The Java “array objects” you have been using are objects like any non-primitive value. You may have given no thought about how actual values are stored inside the array object, but conceptually the values are stored in a row, in contiguous memory positions. In data structure terms, this is the actual “array”. You could say that the Java array object stores its values in an array data structure.

Index 0 1 2 3 n-1
Value element_1 element_2 element_3 element_4 element_n

An array data structure is rather rigid. It has a fixed length, and to add new elements we would somehow have to allocate more memory and/or move the array somewhere else in memory. Inserting an element into the array requires shifting all the other elements down to make room. But perhaps one of the biggest drawbacks is that finding an object in an array means that we have to look through all the elements of the array, one at a time. We could get lucky and find an object toward the front of the array. If we were not so lucky we might not find the object until we reached the end of the array.

Graph

A graph data structure.
A graph data structure.

A solution to many of the drawbacks of arrays is to link the objects together in memory, much like a TinkerToy® set. Linking objects together creates a data structure called a graph.

In graph terminology, each object above is called a vertex of the graph, and the lines between the objects are called edges. Graphs can come in all shapes an sizes. A graph could consist of several vertices strung out in a single line. A graph could consist of several vertices each connected to all the other vertices. A graph could even consist of a single vertex not connected to anything. The key concept of a graph is that a vertex has a way to link to one or more other vertices.

Node

Node class diagram.
Node class diagram.

But how can we link our objects in real life? If we have three Animal instances, for example, how could we link them together? One solution would be to add a nextAnimal variable to the Animal class. If we wanted to link together several animals, we could use animal1.setNextAnimal(animal2), and use animal2.setNextAnimal(animal3), and so on—sort of like a row of dogs on leashes, each leashed to the other. But do we really want to pollute our Animal class with special linking variables just because we want a way to group our animals together? This approach would also come with some restrictions: it would be difficult for an Animal to appear in more than one group, for example.

A more flexible approach is to create a separate “wrapper class” for each of the vertexes. Normally this data structure called a node, and its sole purpose is to hold the object and point to one or more other nodes.

Here is conceptually how a Node class might be implemented. In reality the number of nodes would depend on the specific type of graph.

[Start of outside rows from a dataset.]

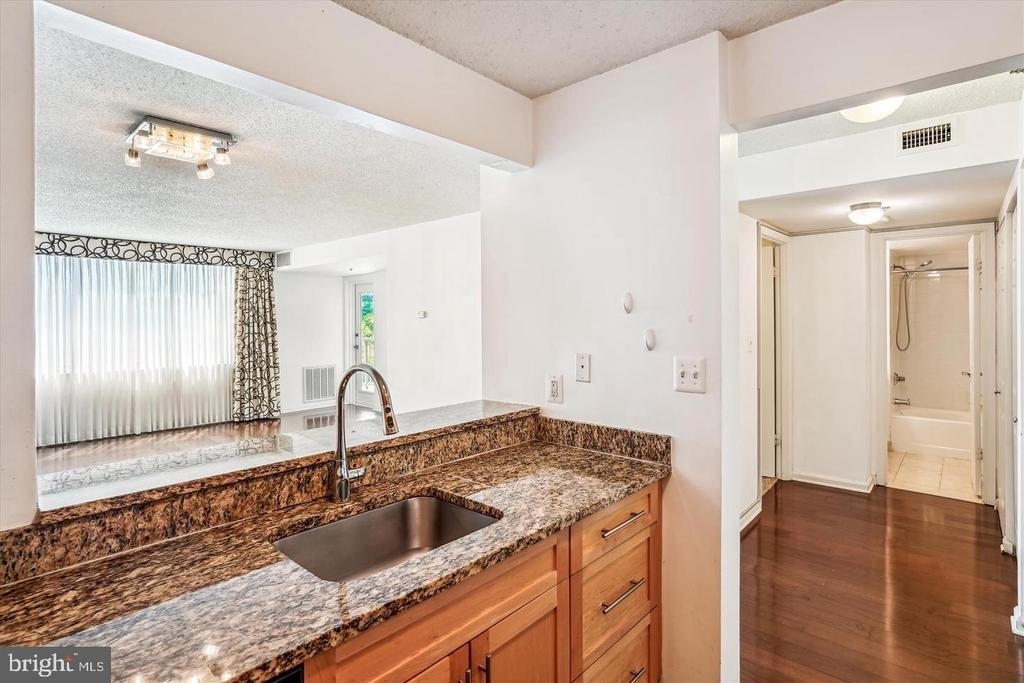 10101 Grosvenor Place - Photo 6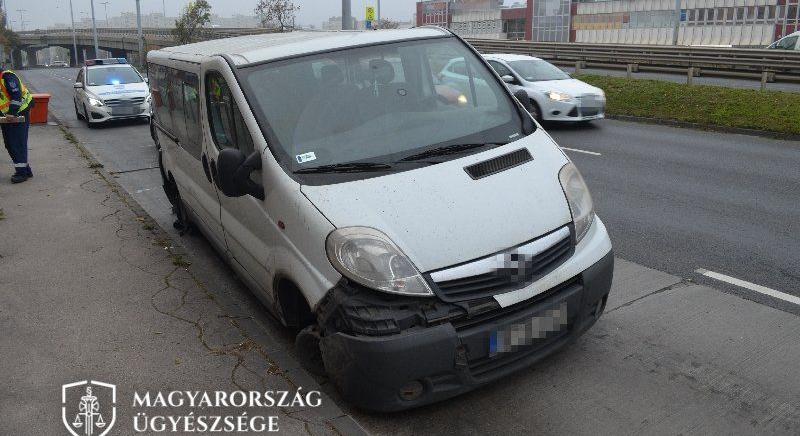 Részegen lopták el főnökük autóját Siófokon, amivel aztán balesetet okoztak Budapesten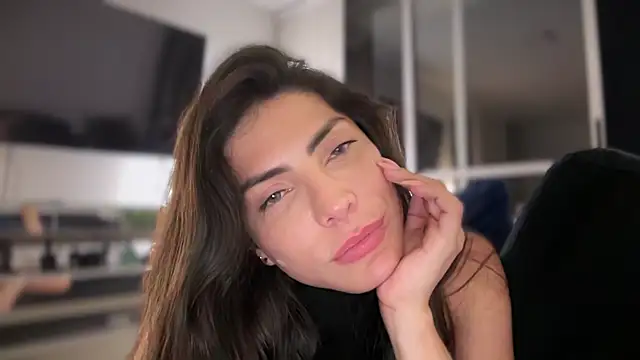 angelturned001 online show from October 10, 9:10 am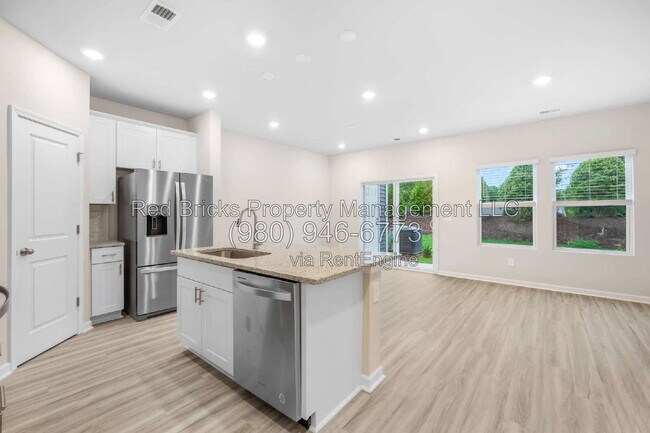 Foto del edificio - 3670 Backwater St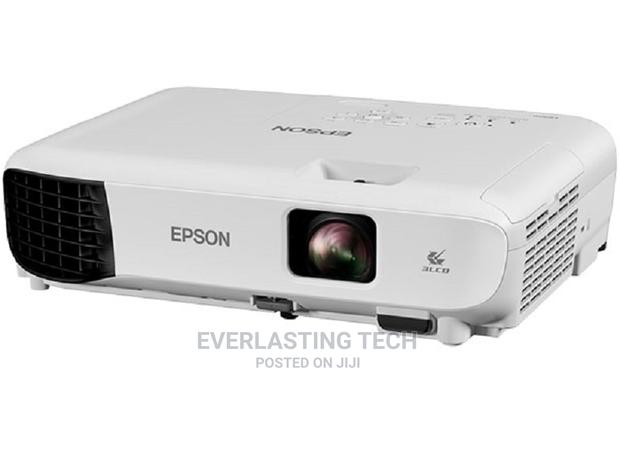 Epson EB-E01 XGA 3LCD 3300 Lumens Projector - thumbnail 2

Example Node implementation.
public class Node {

  private final Object value;

  /** @return The value represented by this node. */
  public @Nonnull Object getValue() {
    return value;
  }

  private Node[] links = new Node[0];

  /**
   * Creates a node containing an object.
   * @param value The object to store in the node.
   */
  public Node(@Nonnull final Object value) {
    this.value = checkNotNull(value);
  }

  /**
   * Sets the links to other nodes.
   * @param links The other nodes this node links to.
   */
  public void setLinks(@Nonnull final Node... links)
  {
    this.links = checkNotNull(links);
  }

}

We could then construct the graph pictured above:

Creating a graph data structure with Node instances.
final Object object1 = new Object();  //sample objects; could be any objects
final Object object2 = new Object();
final Object object3 = new Object();
final Object object4 = new Object();
final Object object5 = new Object();
final Node node1 = new Node(object1);  //create the nodes
final Node node2 = new Node(object2);
final Node node3 = new Node(object3);
final Node node4 = new Node(object4);
final Node node5 = new Node(object5);
node1.setLinks(node3, node2, node5);  //link the nodes
node2.setLinks(node3);
node3.setLinks(node4, node5);
node5.setLinks(node3);

Graphs in general can become quite complex and can help solve complicated problems. But for merely storing objects there are a few main graph types that are relatively simple.

Linked List

A linked list data structure is a graph consisting of a single line of nodes strung together.

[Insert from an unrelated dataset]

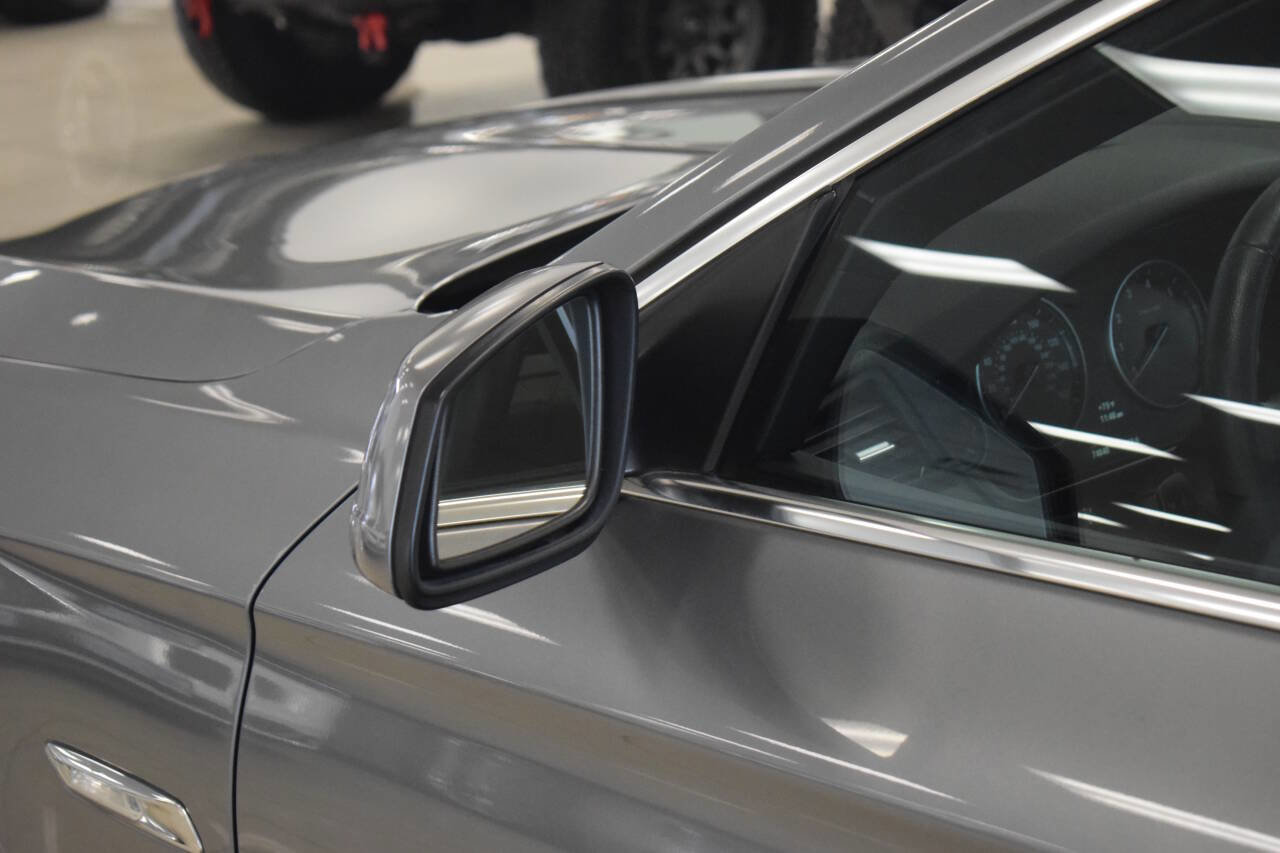 Used 2012 BMW 528i Sedan RWD image 19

A linked list data structure.
A linked list data structure.

Because each node can only connect to one node in front of it (or none at all, if it is the last node), a LinkedListNode for a linked list can be simpler than the more general Node source code shown in the earlier section above.

Example LinkedListNode implementation.
public class LinkedListNode {

  private final Object value;  //stores a single value

  /** @return The value represented by this node. */
  public @Nonnull Object getValue() {
    return value;
  }

  private LinkedListNode next = null; //links at most to one other node

  /** @return The next node in the list, or {@code null} if this node is the end of the list. */
  public @Nullable LinkedListNode getNext() {
    return next;
  }

  /**
   * Sets the link to next node in the list.
   * @param next The next node in the list, or {@code null} if this node is the end of the list.
   */
  public void setNext(@Nullable final LinkedListNode next) {
    this.next = next;
  }

  /**
   * Creates a node containing an object.
   * @param value The object to store in the node.
   */
  public LinkedListNode(@Nonnull final Object value) {
    this.value = checkNotNull(value);
  }

}

A linked list can thus be a substitution for an array! Here is an abbreviated implementation of a linked list, allowing elements to be added and a length to be calculated.

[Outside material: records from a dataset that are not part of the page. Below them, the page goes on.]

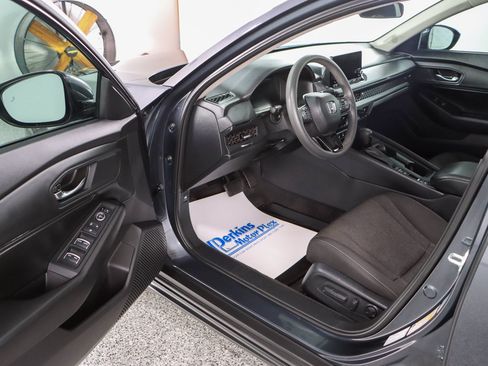 Used 2023 Honda Accord EX image 3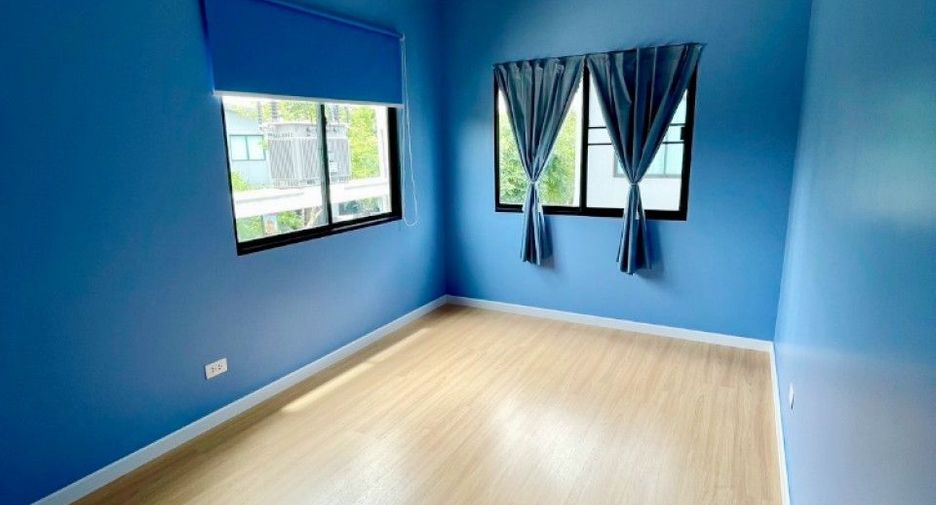 À vendre 4 chambres maison de ville à Bang Kruai, Nonthaburi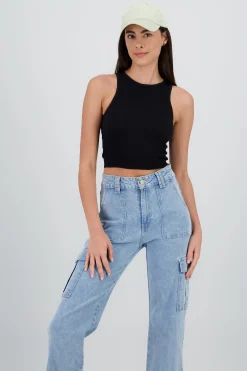 Shasa Sleeveless Seamless Round Neck Top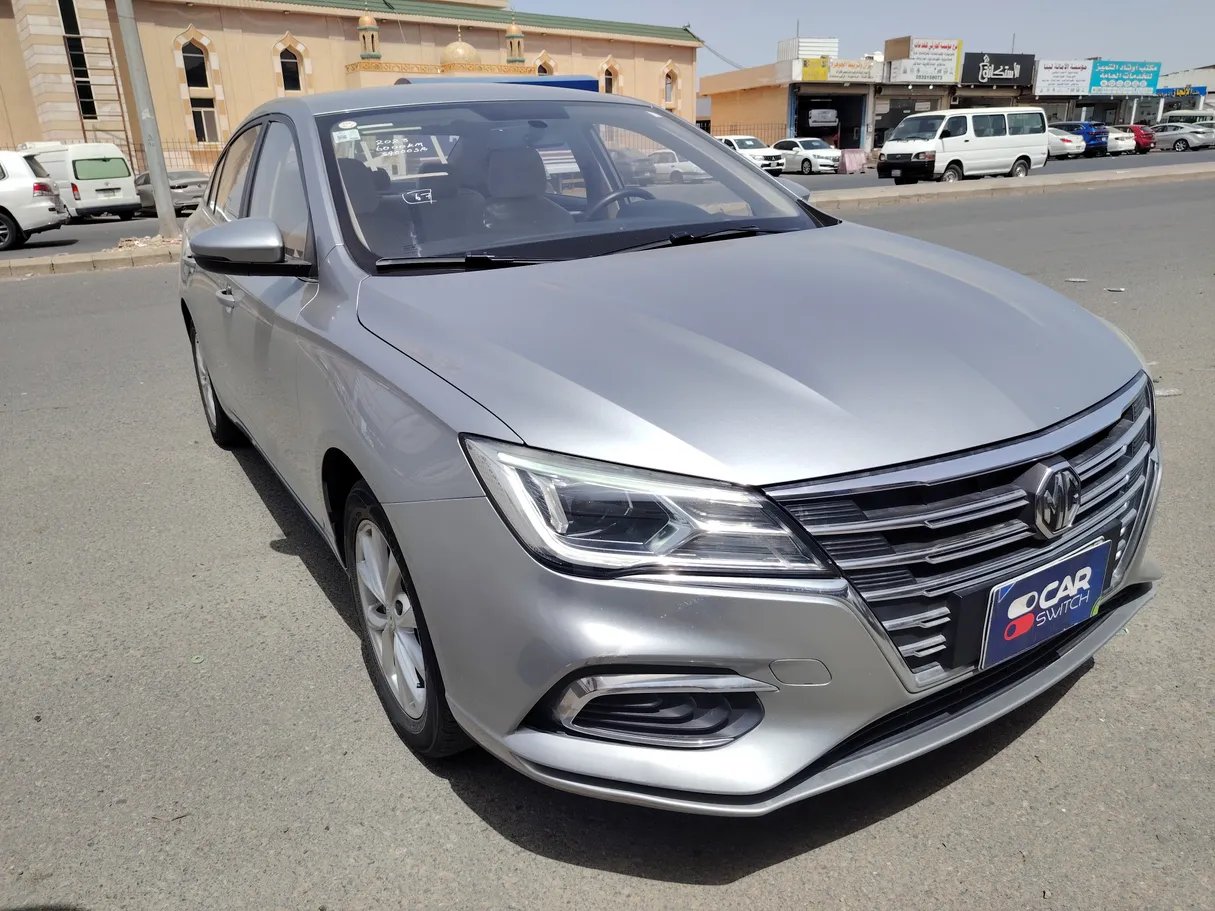 Car image 3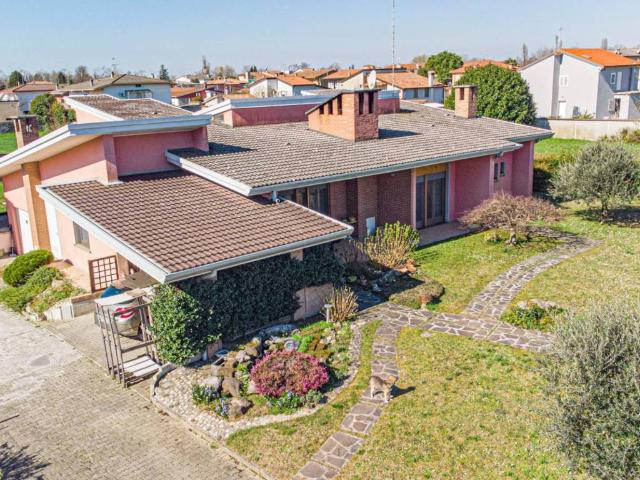 Villa Indipendente in vendita a San Giorgio Di Nogaro, Friuli-Venezia Giulia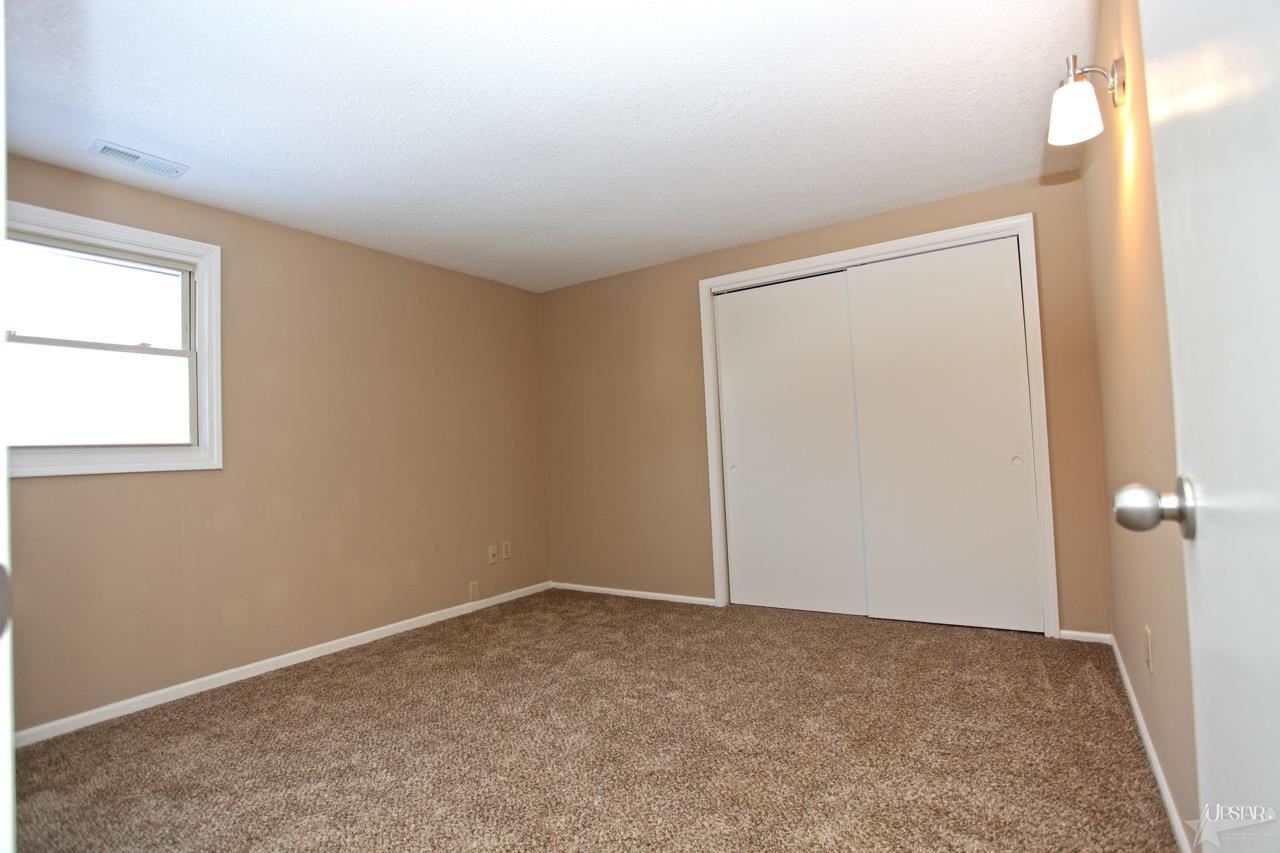 1105 W Till Rd, Fort Wayne, IN 46825 photo 11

Example LinkedList implementation.
public class LinkedList {

  private LinkedListNode first = null;

  /**
   * Adds an object to the end of the list.
   * @param object The object to add to the list.
   */
  public void add(final Object object) {
    final LinkedListNode newNode = new LinkedListNode(object);
    if(first == null) {  //if the list is empty
      first = newNode;
      return;
    }
    //look for the end of the list
    LinkedListNode node = first;
    while(node.getNext() !=null) {
      node = node.getNext();
    }
    assert node.getNext() == null;
    //add the node to the end of the list
    node.setNext(newNode);
  }

  /** @return The length of the list. */
  public int getLength() {
    if(first == null) {  //if the list is empty
      return 0;
    }
    //look for the end of the list
    int length=1;
    LinkedListNode node = first;
    while(node.getNext() !=null) {
      node = node.getNext();
      length++;
    }
    return length;
  }
}

Review

Gotchas

In the Real World

Think About It

If you have worked with graph-based structures before, the needed implementation may become obvious to you and you will be able to sit down and code it from the top. But if you are just starting to work with graphs and node traversal, it may all seem overwhelming! That's when you should start with what you know and take it one step at a time. Find a small piece that is so simple that you can't fail to understand it. Implement it, and then make a unit test for it. Then add another step, and another unit test, and keep going until it all works. Let's walk through an example.

Linked List Length

Let's start with finding the length of a linked list. The solution for this can already be found in the main part of this lesson; that solution is iterative. But let's take another approach at how we might think about the problem.

LinkedListNode class diagram.
LinkedListNode class diagram.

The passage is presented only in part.